Collection entries:
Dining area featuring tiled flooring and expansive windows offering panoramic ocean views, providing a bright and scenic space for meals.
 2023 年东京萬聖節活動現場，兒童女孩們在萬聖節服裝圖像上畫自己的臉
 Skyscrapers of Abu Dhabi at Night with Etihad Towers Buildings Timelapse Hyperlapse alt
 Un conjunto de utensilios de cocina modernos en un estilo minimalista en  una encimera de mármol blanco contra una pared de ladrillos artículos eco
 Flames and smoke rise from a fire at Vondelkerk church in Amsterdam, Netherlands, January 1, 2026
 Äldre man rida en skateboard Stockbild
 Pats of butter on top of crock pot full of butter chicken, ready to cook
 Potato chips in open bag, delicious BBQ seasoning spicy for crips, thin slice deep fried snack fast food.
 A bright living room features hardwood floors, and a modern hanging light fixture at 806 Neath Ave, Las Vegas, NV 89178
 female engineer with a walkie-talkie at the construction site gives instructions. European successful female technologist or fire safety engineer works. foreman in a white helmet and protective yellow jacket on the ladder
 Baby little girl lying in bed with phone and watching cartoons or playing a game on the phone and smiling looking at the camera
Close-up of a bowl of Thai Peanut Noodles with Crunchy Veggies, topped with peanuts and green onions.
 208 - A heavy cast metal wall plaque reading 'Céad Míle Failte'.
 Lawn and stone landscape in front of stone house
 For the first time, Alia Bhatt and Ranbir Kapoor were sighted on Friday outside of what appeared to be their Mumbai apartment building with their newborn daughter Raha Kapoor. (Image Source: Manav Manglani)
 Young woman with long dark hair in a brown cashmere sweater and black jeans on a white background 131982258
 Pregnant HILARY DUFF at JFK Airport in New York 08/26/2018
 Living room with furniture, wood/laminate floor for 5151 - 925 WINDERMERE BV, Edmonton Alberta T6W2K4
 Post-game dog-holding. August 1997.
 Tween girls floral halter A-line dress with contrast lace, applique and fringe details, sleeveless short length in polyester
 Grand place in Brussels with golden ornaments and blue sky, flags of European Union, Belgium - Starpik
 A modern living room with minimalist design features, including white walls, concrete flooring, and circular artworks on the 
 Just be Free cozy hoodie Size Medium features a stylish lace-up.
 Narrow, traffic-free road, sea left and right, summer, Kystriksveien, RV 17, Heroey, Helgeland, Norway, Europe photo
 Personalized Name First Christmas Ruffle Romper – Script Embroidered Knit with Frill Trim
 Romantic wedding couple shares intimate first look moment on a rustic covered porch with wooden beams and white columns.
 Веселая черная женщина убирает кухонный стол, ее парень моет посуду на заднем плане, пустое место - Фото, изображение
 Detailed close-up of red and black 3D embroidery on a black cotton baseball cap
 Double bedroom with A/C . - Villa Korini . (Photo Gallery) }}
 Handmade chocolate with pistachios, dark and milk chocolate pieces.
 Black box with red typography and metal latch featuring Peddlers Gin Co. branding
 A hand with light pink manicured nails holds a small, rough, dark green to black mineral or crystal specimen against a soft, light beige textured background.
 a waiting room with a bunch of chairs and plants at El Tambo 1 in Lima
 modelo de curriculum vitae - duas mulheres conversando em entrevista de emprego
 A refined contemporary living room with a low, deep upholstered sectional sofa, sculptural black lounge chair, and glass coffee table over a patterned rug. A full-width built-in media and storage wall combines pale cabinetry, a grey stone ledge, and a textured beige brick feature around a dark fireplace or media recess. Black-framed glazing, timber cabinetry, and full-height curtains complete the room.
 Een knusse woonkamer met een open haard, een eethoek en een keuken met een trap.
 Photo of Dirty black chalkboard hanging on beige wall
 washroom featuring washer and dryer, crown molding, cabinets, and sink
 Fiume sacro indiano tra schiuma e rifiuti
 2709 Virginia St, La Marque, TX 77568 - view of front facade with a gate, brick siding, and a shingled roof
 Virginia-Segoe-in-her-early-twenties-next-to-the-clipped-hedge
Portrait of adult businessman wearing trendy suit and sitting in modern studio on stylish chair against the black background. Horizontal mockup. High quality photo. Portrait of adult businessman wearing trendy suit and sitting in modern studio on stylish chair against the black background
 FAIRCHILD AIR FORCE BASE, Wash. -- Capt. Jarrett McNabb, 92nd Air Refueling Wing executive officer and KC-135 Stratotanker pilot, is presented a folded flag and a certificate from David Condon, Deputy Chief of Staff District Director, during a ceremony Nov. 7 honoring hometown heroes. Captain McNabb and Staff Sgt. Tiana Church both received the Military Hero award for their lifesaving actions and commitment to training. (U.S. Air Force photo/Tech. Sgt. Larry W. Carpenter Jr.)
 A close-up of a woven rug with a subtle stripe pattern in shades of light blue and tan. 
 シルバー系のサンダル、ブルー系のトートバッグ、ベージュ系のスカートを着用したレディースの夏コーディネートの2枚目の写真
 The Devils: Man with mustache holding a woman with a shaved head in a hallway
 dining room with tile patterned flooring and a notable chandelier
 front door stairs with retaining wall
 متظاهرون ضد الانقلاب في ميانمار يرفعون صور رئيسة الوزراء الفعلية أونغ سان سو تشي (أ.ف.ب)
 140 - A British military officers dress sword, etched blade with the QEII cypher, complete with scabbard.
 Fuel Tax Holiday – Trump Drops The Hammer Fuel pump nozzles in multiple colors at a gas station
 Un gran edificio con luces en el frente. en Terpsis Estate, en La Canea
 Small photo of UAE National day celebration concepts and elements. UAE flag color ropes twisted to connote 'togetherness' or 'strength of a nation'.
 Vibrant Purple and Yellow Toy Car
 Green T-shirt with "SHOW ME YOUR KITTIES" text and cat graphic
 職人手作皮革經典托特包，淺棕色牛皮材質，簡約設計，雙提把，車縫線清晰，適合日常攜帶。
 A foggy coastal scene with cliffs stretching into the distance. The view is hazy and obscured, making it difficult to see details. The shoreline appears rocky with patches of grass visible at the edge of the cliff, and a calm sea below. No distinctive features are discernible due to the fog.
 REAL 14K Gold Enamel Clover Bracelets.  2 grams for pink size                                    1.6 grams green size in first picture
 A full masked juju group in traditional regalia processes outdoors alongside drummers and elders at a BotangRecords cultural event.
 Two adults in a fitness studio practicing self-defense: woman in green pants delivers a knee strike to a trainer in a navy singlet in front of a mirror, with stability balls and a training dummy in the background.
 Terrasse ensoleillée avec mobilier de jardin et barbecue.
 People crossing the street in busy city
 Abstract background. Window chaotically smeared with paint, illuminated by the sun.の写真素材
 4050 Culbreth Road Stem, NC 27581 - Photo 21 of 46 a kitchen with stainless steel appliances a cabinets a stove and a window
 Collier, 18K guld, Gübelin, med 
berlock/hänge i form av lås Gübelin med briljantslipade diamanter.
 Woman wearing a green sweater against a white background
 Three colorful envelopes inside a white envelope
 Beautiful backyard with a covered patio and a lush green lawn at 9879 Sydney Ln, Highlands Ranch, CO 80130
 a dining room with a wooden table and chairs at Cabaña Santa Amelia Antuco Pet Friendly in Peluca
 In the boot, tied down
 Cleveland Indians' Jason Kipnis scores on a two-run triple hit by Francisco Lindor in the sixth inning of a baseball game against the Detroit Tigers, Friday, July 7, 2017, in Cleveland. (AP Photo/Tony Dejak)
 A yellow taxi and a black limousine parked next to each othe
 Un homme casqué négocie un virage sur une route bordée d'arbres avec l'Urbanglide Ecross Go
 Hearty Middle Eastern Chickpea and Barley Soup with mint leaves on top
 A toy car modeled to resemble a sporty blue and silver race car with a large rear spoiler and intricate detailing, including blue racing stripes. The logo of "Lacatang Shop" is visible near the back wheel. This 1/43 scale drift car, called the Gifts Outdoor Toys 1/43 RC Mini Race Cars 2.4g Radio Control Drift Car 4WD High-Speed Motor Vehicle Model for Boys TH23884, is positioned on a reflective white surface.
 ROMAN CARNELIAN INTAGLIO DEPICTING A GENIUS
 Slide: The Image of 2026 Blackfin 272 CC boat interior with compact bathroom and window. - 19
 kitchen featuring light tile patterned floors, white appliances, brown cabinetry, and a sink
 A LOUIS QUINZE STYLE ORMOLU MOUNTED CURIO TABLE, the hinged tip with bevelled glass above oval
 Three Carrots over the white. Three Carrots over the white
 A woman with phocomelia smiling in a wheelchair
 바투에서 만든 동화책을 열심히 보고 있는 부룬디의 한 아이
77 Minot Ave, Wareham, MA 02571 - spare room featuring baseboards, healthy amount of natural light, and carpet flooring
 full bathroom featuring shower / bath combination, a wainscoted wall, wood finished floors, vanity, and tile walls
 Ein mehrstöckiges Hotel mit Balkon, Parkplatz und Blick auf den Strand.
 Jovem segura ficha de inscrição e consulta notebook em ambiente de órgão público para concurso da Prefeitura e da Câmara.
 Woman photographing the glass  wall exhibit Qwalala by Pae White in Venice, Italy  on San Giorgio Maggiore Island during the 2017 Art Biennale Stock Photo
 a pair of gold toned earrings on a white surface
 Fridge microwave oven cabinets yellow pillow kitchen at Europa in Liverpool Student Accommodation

## The problem
Start at the first line of the entries and stop at the line that contains "Skyscrapers of Abu". Repeat every line in that span exactly, and nothing beyond it.

## Solution for this problem
Dining area featuring tiled flooring and expansive windows offering panoramic ocean views, providing a bright and scenic space for meals.
 2023 年东京萬聖節活動現場，兒童女孩們在萬聖節服裝圖像上畫自己的臉
 Skyscrapers of Abu Dhabi at Night with Etihad Towers Buildings Timelapse Hyperlapse alt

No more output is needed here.